§ Exercise aim
In the listing below, find the line containing "Load image into" and the line containing "BRAM Dressoir 120", then copy exactly everything from the first through the second, except the pictures.
*** Input records
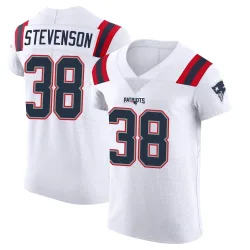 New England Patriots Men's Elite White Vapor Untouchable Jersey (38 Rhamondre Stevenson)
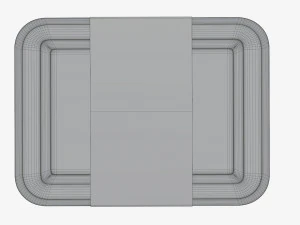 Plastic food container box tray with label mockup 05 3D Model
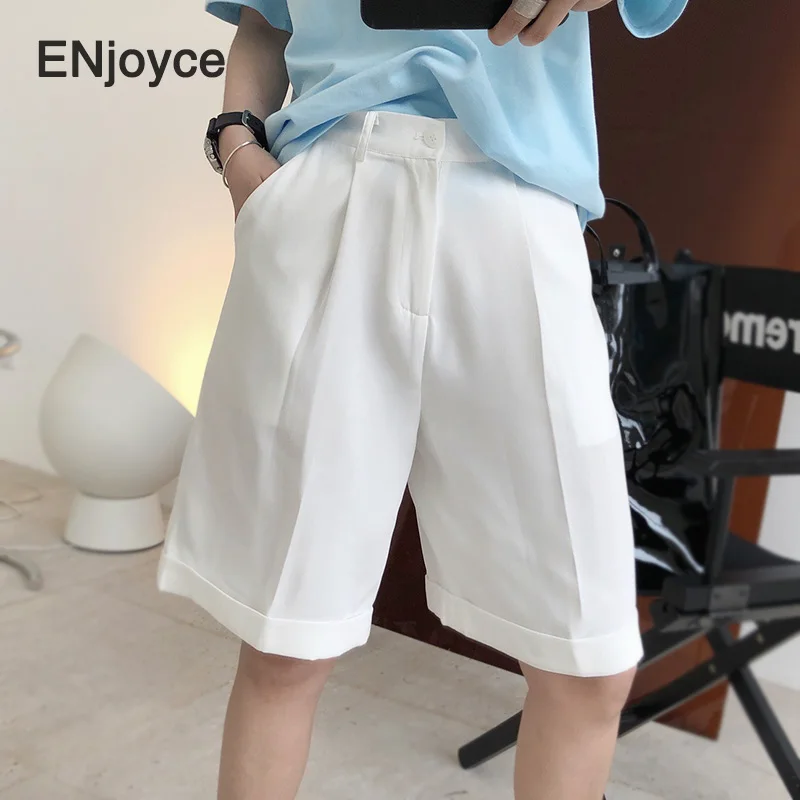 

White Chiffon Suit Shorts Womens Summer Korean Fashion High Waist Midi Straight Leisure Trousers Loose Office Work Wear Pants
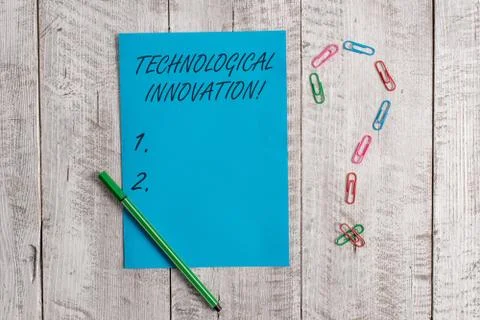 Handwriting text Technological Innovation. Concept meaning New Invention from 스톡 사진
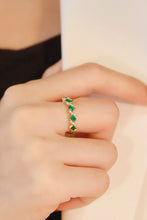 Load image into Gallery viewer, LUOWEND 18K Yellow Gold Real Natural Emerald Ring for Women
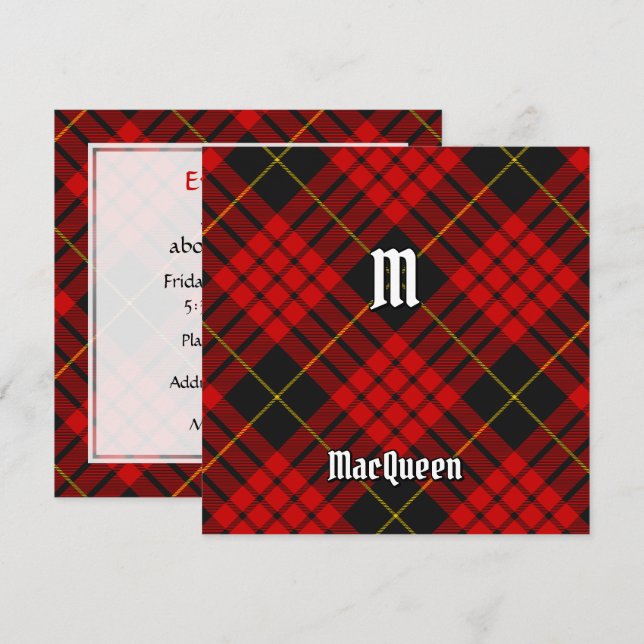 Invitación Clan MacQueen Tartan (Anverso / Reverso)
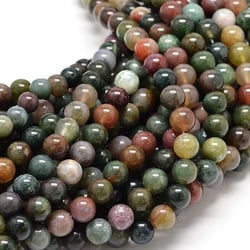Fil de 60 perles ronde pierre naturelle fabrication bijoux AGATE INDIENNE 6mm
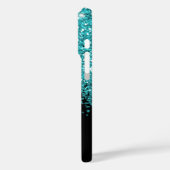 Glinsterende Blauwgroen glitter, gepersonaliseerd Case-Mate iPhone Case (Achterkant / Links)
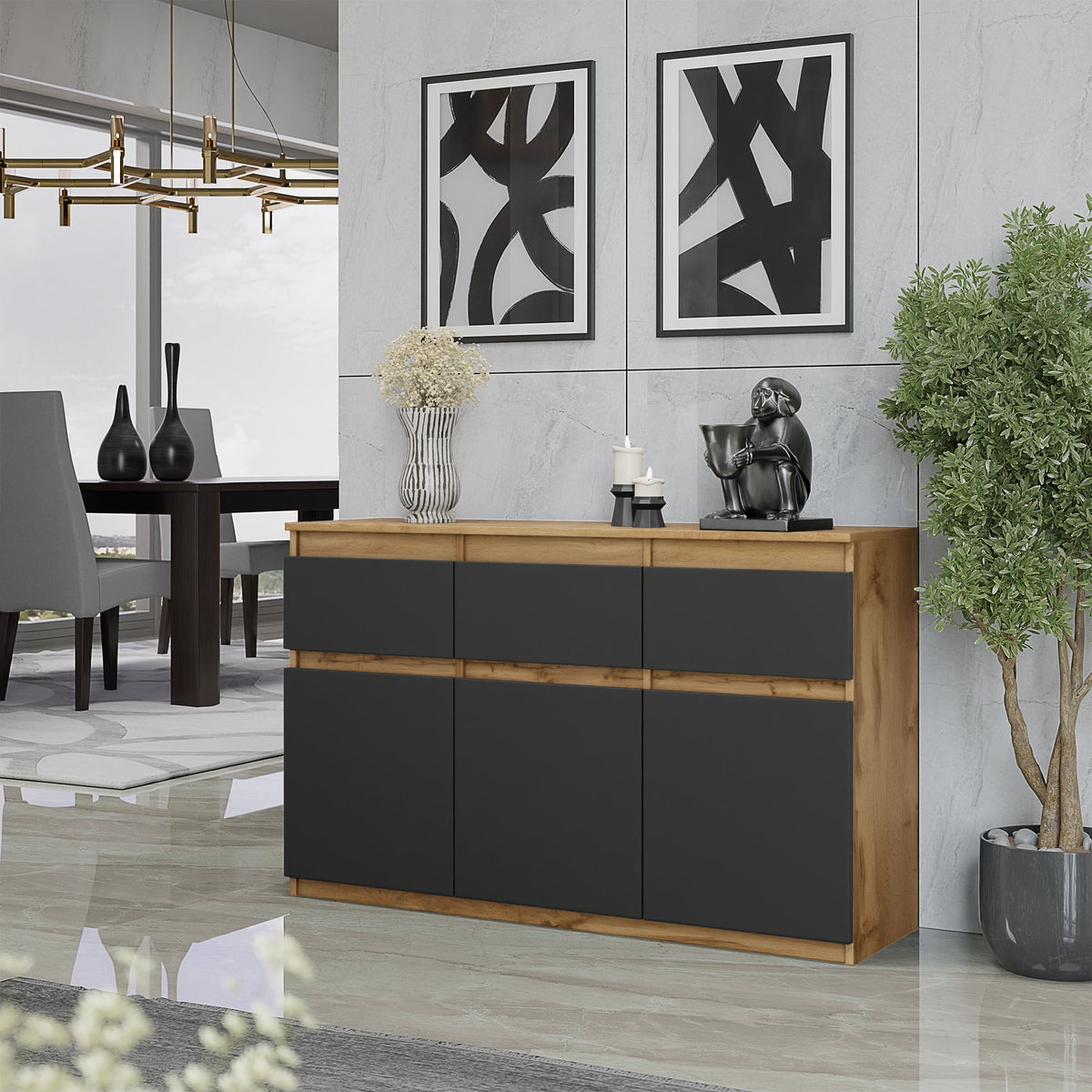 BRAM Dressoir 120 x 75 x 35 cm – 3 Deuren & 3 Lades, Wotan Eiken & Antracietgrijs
******
*** Input records
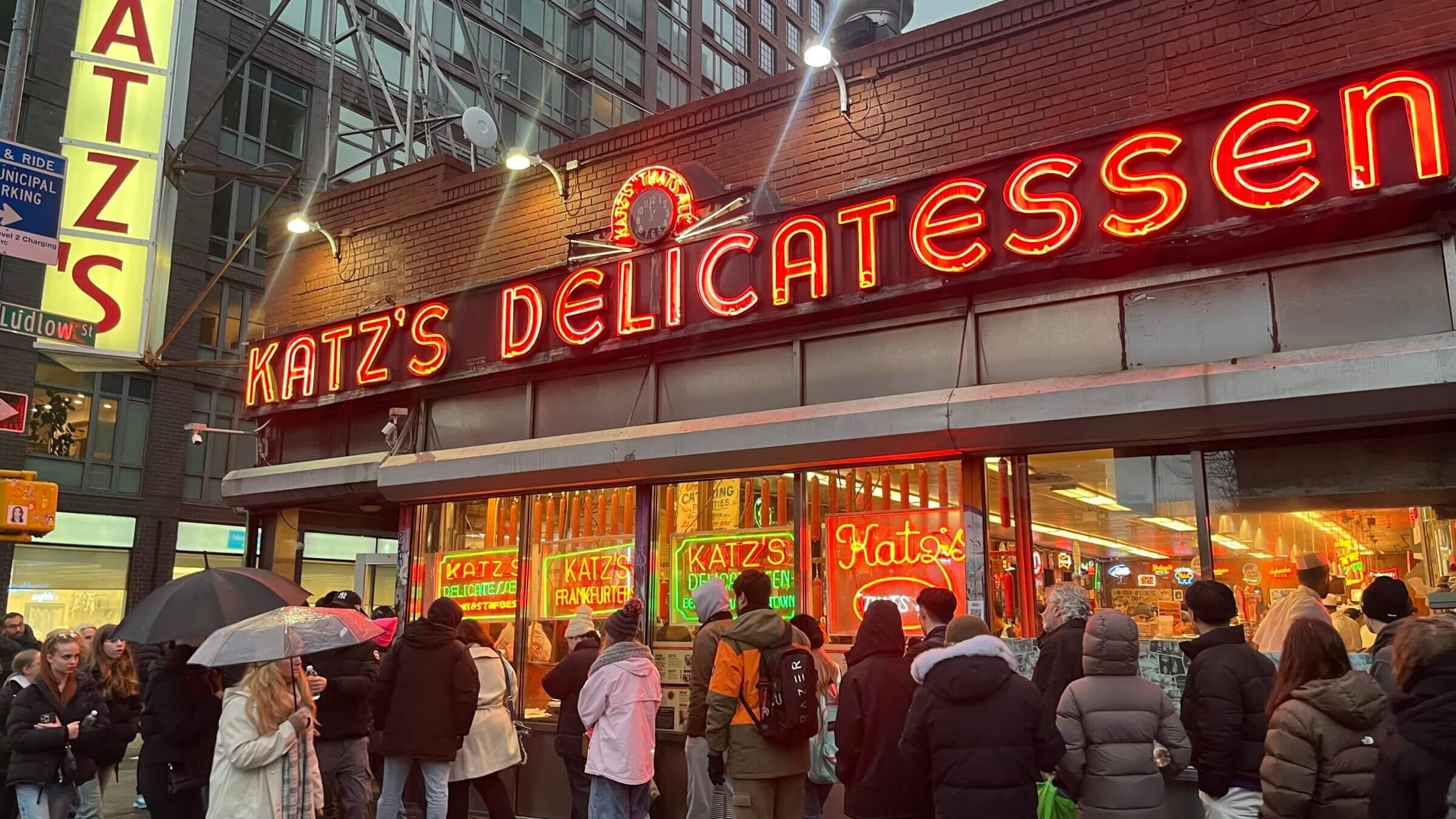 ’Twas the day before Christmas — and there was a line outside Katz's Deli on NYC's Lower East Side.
******
§ Output for this task
 Load image into Gallery viewer, LUOWEND 18K Yellow Gold Real Natural Emerald Ring for Women
 Invitación Clan MacQueen Tartan (Anverso / Reverso)
Fil de 60 perles ronde pierre naturelle fabrication bijoux AGATE INDIENNE 6mm
 Glinsterende Blauwgroen glitter, gepersonaliseerd Case-Mate iPhone Case (Achterkant / Links)
 BRAM Dressoir 120 x 75 x 35 cm – 3 Deuren & 3 Lades, Wotan Eiken & Antracietgrijs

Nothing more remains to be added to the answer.